=== EXERCISE REQUIREMENTS ===
Only the lines from the one holding "WARNER BROS Un" through the end of the records below are to be reproduced exactly, and pictures are to be omitted.

Entries taken from a collection

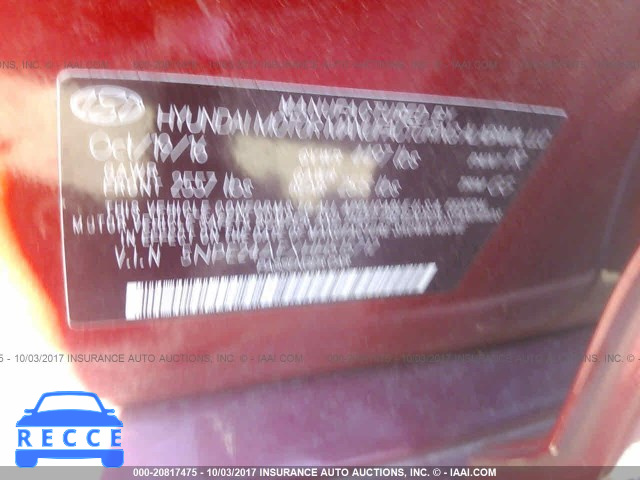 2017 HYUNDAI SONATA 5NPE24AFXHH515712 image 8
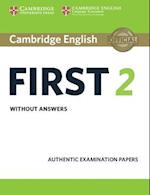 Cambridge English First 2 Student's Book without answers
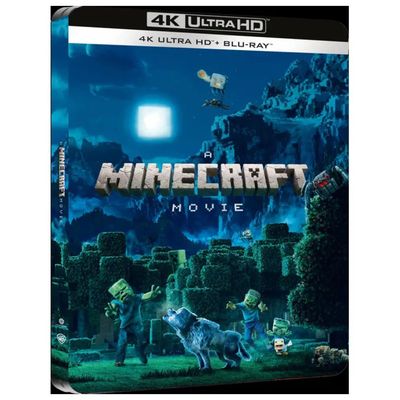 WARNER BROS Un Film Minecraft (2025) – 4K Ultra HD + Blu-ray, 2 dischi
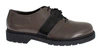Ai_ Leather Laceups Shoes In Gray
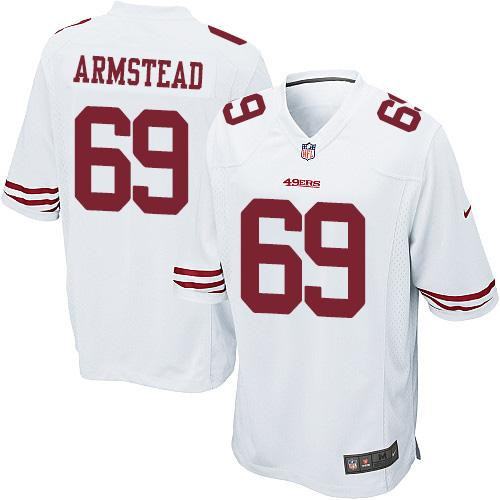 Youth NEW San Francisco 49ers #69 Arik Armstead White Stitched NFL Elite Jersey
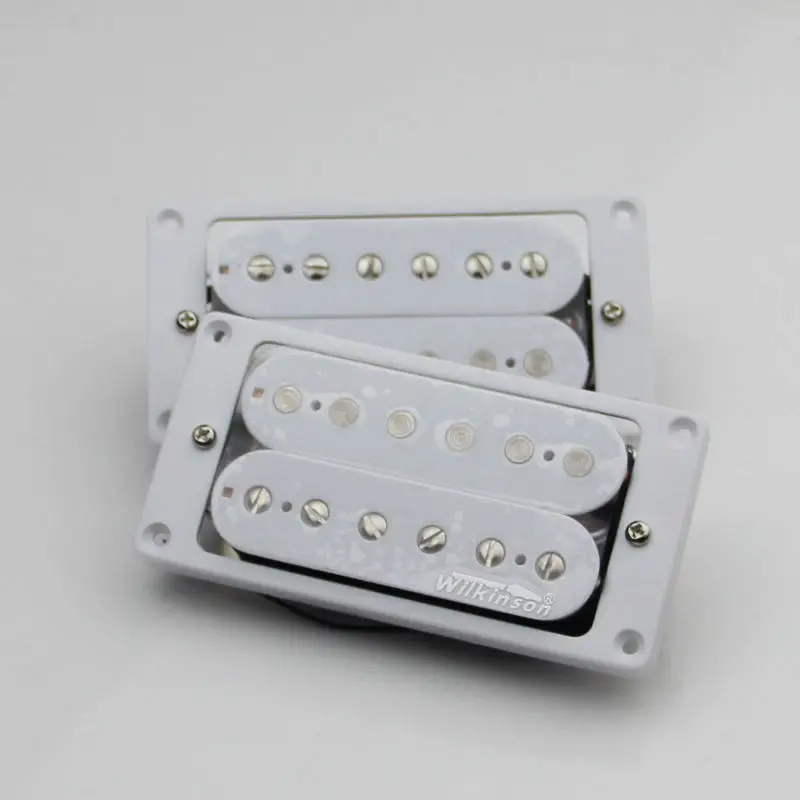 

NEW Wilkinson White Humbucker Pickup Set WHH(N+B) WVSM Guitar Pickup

=== RESPONSE AREA ===
 WARNER BROS Un Film Minecraft (2025) – 4K Ultra HD + Blu-ray, 2 dischi
Ai_ Leather Laceups Shoes In Gray
 Youth NEW San Francisco 49ers #69 Arik Armstead White Stitched NFL Elite Jersey

NEW Wilkinson White Humbucker Pickup Set WHH(N+B) WVSM Guitar Pickup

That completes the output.